Addressing these issues, this study investigates the aerodynamic coupling mechanism in the flexible wing membrane of a bat-inspired flapping-wing robot. It systematically analyzes the biomimetic wing’s morphological characteristics and kinematic parameters, while also detailing its configuration and motion law.

Then, considering that the bat wing has a special motion mode—that is, the unique stretching motion characteristics in the flapping period—and the passive torsion behavior of the flexible wing membrane around the leading edge axis driven by aerodynamic force, a calculation framework including chord length dynamic change, passive torsion angle distribution and local flow velocity related parameters is established. Based on the blade element theory, the applicable boundary of quasi-steady conditions is verified. The attached vortex model is used to analyze the coupling mechanism of translational lift and rotation effect. By incorporating unsteady virtual mass effects and inertial coupling dynamics, a comprehensive lift calculation model is developed. Wind tunnel testing validates this model, and error analysis comparing theoretical predictions with experimental results across various typical conditions confirms the method’s correctness and practicality.

2. The Structure and Movement of Wings

2.1. Definition of Coordinate System

In this paper, based on the analysis of the prototype structure characteristics of the winged chiroptera creatures, the bionic structure topology optimization design method is used to construct a flexible-wing system, so that it can realize the motion form of folding up and stretching down. The deformation of flexible wings includes active deformation and passive deformation. Duan et al. made a specific description of the deformation [24]. The prototype model of the bat-like flapping-wing flying robot is shown in Figure 1.

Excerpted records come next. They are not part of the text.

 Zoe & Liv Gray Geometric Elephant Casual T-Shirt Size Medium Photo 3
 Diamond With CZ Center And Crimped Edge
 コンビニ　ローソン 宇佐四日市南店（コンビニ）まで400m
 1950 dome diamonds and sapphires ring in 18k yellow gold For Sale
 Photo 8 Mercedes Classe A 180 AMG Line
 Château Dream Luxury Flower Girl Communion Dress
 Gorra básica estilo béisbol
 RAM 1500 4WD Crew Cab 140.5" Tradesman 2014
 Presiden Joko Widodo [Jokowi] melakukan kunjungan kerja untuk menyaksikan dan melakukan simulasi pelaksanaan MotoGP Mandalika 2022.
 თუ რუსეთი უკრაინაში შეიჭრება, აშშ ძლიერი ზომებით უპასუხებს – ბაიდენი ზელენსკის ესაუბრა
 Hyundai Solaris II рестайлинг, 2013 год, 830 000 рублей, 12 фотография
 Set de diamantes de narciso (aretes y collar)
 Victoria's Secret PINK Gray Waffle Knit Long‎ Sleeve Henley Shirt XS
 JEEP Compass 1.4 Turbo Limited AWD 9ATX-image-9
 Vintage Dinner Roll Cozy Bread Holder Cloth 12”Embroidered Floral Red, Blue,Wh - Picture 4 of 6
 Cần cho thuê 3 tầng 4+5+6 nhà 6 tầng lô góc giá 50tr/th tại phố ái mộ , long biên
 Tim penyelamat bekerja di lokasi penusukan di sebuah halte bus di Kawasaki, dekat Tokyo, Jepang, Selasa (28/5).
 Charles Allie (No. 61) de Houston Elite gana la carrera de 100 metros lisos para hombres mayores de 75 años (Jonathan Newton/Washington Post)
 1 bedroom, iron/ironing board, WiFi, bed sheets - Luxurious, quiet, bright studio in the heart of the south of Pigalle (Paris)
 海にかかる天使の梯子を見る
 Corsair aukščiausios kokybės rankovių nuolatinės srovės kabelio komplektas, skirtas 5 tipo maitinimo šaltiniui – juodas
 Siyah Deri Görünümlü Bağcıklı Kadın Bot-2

In order to facilitate the calculation of lift, Duan et al. established a flapping-wing flight robot coordinate system, as shown in Figure 2 [24].

The body coordinate system based on the center of mass is adopted. Taking the right wing as an example, the coordinate system O_w-X_wY_wZ_w of the flapping wing is fixed at the proximal joint of the leading edge of the wing, and the coordinate system O_m-X_mY_mZ_m on the wing membrane is located on the wing membrane of the wing.

The flapping angle of the wing varies with time, as follows:

$${\theta }_o\left(t\right)=A_f\mathrm{s}\mathrm{i}\mathrm{n}\left(2\pi ft\right)$$

(1)

where ${\theta }_o$ is the flapping angle, $A_f$ is the amplitude of the flapping angle and $f$ is the flapping frequency.

In the active morphing motion of wing folding and unfolding, the structure diagram of Watt six-bar linkage is shown in Figure 3. The dynamic characteristics of the wing skeleton are quantitatively characterized by five key points (P₁~P₅) and the motion driving point (P₇). Point P₀ is fixed at the origin O_w of the wing-flapping coordinate system O_w-X_wY_wZ_w. The variable $y_{P2}$ denotes wing morphing displacement. Red and green arrows in the figure indicate the kinematic directions of the wing skeleton. Red represents the extension of wings, and green represents the contraction of wings.

2.2. Calculation of Chord Length and Passive Torsion Angle of the Flexible Wing Membrane Based on the Blade Element Method

The chord length and relative velocity are the key parameters of lift calculation. Affected by the flapping and folding motion of the wing, the wing membrane exhibits dynamic deformation characteristics, resulting in different chord lengths and relative velocities at each position at each moment. In order to accurately capture such unsteady aerodynamic characteristics, it is usually necessary to divide the wing membrane into strips based on the blade element method [25]. The wing membrane is discretized into several aerodynamic strips, and the instantaneous aerodynamic load is derived by solving the local chord length and relative motion speed of each strip in real time. In the conceptual diagram in Figure 4, the left side of the flapping axis presents static morphological features, and the right side shows the discretization processing scheme.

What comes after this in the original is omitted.